As we did in the Training Pipeline notebook, we need to call the Workspace. We also want to create variables for the datastore and compute cluster. 

### Connect to the workspace


In [1]:
import azureml.core
from azureml.core import Workspace, Datastore
import pandas as pd

# set up workspace
ws= Workspace.from_config(path = '../../config.json') 

# Take a look at Workspace
ws.get_details()

# set up datastores
dstore = ws.get_default_datastore()

output = {}
output['SDK version'] = azureml.core.VERSION
output['Subscription ID'] = ws.subscription_id
output['Workspace'] = ws.name
output['Resource Group'] = ws.resource_group
output['Location'] = ws.location
output['Default datastore name'] = dstore.name
pd.set_option('display.max_colwidth', -1)
outputDf = pd.DataFrame(data = output, index = [''])
outputDf.T

  pd.set_option('display.max_colwidth', -1)


Unnamed: 0,Unnamed: 1
SDK version,1.51.0
Subscription ID,0c19fc19-85fd-4aa4-b133-61dd20fa93df
Workspace,auotml-example-workspace
Resource Group,edwin.spartan117-rg
Location,southeastasia
Default datastore name,workspaceblobstore


### Attach existing compute resource


In [2]:
from azureml.core.compute import AmlCompute, ComputeTarget

# Choose a name for your cluster.
amlcompute_cluster_name = "automl-cluster"

found = False
# Check if this compute target already exists in the workspace.
cts = ws.compute_targets
if amlcompute_cluster_name in cts and cts[amlcompute_cluster_name].type == 'AmlCompute':
    found = True
    print('Found existing compute target.')
    compute = cts[amlcompute_cluster_name]
    
if not found:
    print('Creating a new compute target...')
    provisioning_config = AmlCompute.provisioning_configuration(vm_size='STANDARD_D16S_V3',
                                                           min_nodes=2,
                                                           max_nodes=20)
    # Create the cluster.
    compute = ComputeTarget.create(ws, amlcompute_cluster_name, provisioning_config)
    
print('Checking cluster status...')
# Can poll for a minimum number of nodes and for a specific timeout.
# If no min_node_count is provided, it will use the scale settings for the cluster.
compute.wait_for_completion(show_output = True, min_node_count = None, timeout_in_minutes = 20)
    
# For a more detailed view of current AmlCompute status, use get_status().

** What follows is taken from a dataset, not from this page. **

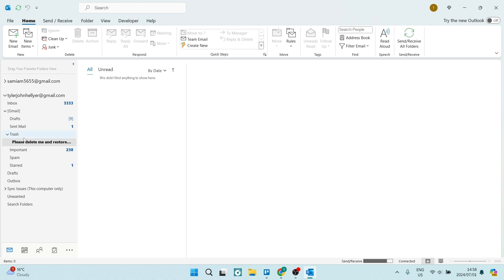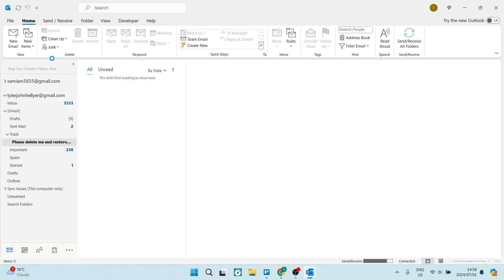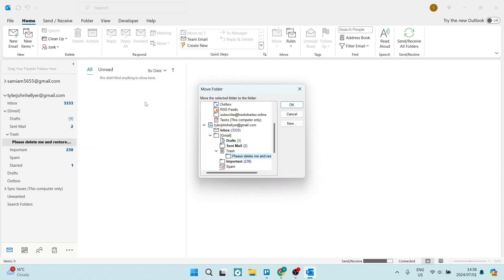But if you want to move it from the trash and ultimately restore it, we're going to right click on it. And here we're going to click on move folder. Now, if you're moving this folder and you want to restore it back to the place that it originally was, which is in your email account, you're going to click on your email account like this.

Found existing compute target.
Checking cluster status...
Succeeded
AmlCompute wait for completion finished

Minimum number of nodes requested have been provisioned


### Set up an Experiment

In [3]:
from azureml.core import Experiment

experiment = Experiment(ws, 'MMSA-Forecasting-Pipeline')

## 2.0 Call Registered FileDataset
In the Data Preparation notebook, we registered the orange juice inference data to the Workspace. You can choose to run the pipeline on the subet of 10 series or the full dataset of 11,973 series. We recommend starting with 10 series then expanding. 

In [5]:
from azureml.core.dataset import Dataset

filedst_10_models = Dataset.get_by_name(ws, name = 'Orange Juice Sales (Simulated) Subset - Inference')
filedst_10_models_input = filedst_10_models.as_named_input('forecast_10_models')
 
#filedst_all_models = Dataset.get_by_name(ws, name='oj_data_inference')
#filedst_all_models_input = filedst_all_models.as_named_input('forecast_all_models')

## 3.0 Build forecasting pipeline
Now that the data, models, and compute resources are set up, we can put together a pipeline for forecasting. 
### Set up the environment to run the script
Specify the conda dependencies for your script. This will allow us to install packages and configure the environment.

In [6]:
training_experiment_name = 'MMSA-Training-Pipeline'
training_pipeline_run_id = "d6c5edbc-f851-4882-a936-5df59b9ddaa7"

### Create the configuration to wrap the entry script 
AutoMLPipelineBuilder is used to build the inference step for many models. You will need to determine the number of workers and nodes appropriate for your use case. The process_count_per_node is based off the number of cores of the compute VM. The node_count will determine the number of master nodes to use, increasing the node count will speed up the training process.

* <b>experiment</b>: Current experiment.

* <b>inference_data</b>: Inference dataset.

* <b>compute_target</b>: Compute target for inference.

* <b>node_count</b>: The number of compute nodes to be used for running the user script. We recommend to start with 3 and increase the node_count if the training time is taking too long.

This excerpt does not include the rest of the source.